Il faut trouver moyen de faire le même tour de force pour ton Coq. Or il sera très indifférent au public et aux journalistes, qui ne sont pas érudits, — tu peux t’en apercevoir, — que tes personnages soient les ingénieuses personnifications des races antiques. Cela plairait à des savants dans la partie ; mais combien y en a-t-il ? Et le peu qu’il y en a ne te liront même pas : il suffit qu’une chose s’appelle roman pour qu’ils ne l’ouvrent jamais.

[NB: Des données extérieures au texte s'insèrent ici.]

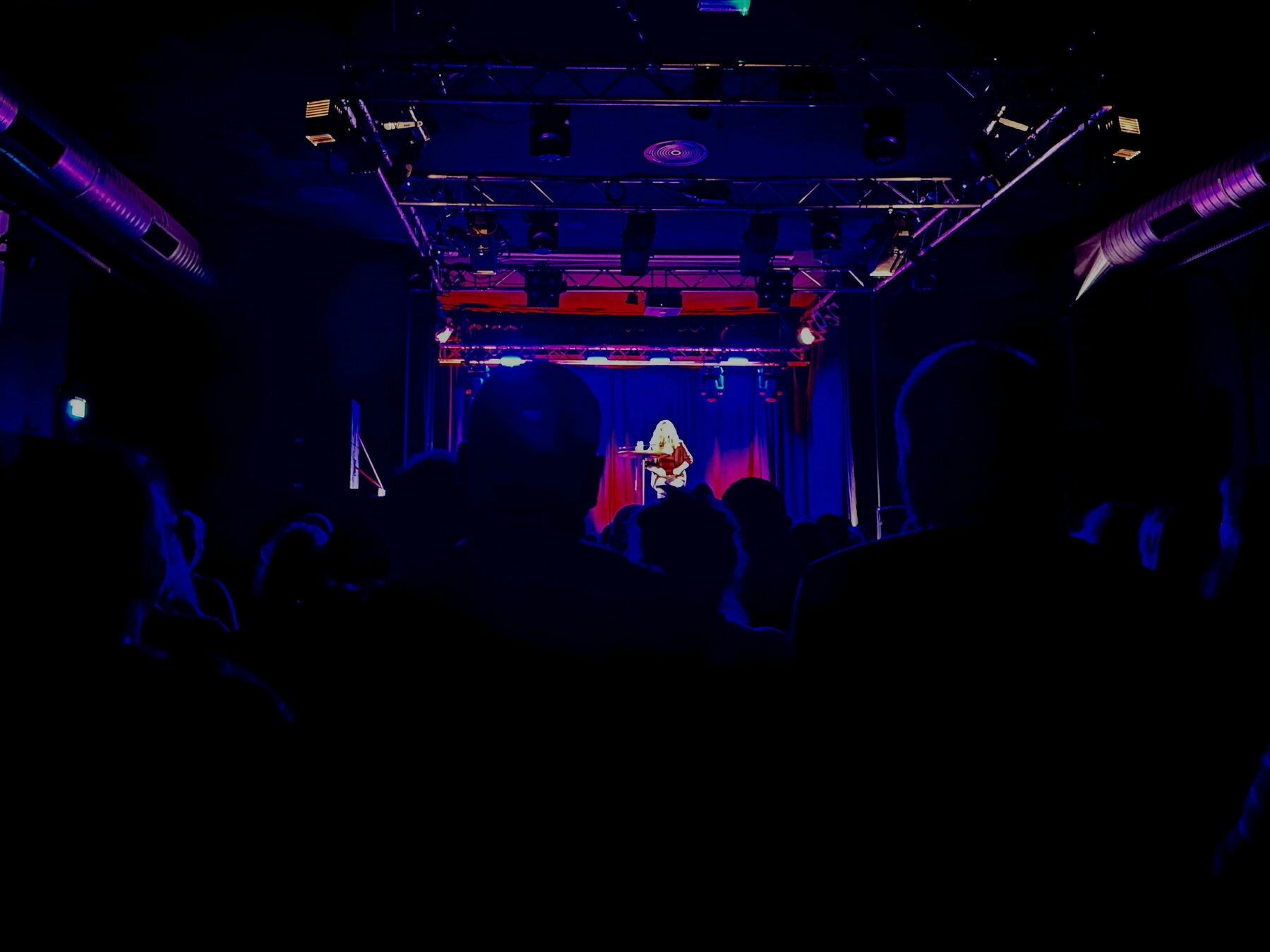 A dark hall in an event center with people sitting on chairs in front of a stage on which a woman sits on a bar stool at a small table to give a reading.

Donc, ta science sera perdue et te nuira, si c’est en vue de la science que tu fais ton livre. Il est amusant et plein de grandissimes qualités, c’est bien ; mais il y faut une base qui manque. Il faut un ton, c’est-à-dire une forme, un style qui rattache l’esprit du lecteur à une époque connue de lui. Plus tu la prendras moderne, plus tu auras de lecteurs. La couleur indiano-persane en aura dix sur cent ; personne ne la connaît. La couleur d’Apulée en aura cent sur cent : le type de l’Âne d’or est devenu populaire. Tu vois que c’est bien important, et je te croyais fixé là-dessus. Je voudrais qu’avant d’entreprendre un nouvel Âne d’or, tu fisses du Coq d’or[1] une chose dans cette couleur. Il était convenu qu’un Apulée ou un Lucien

  1. Le Coq aux cheveux d’or, roman de Maurice Sand.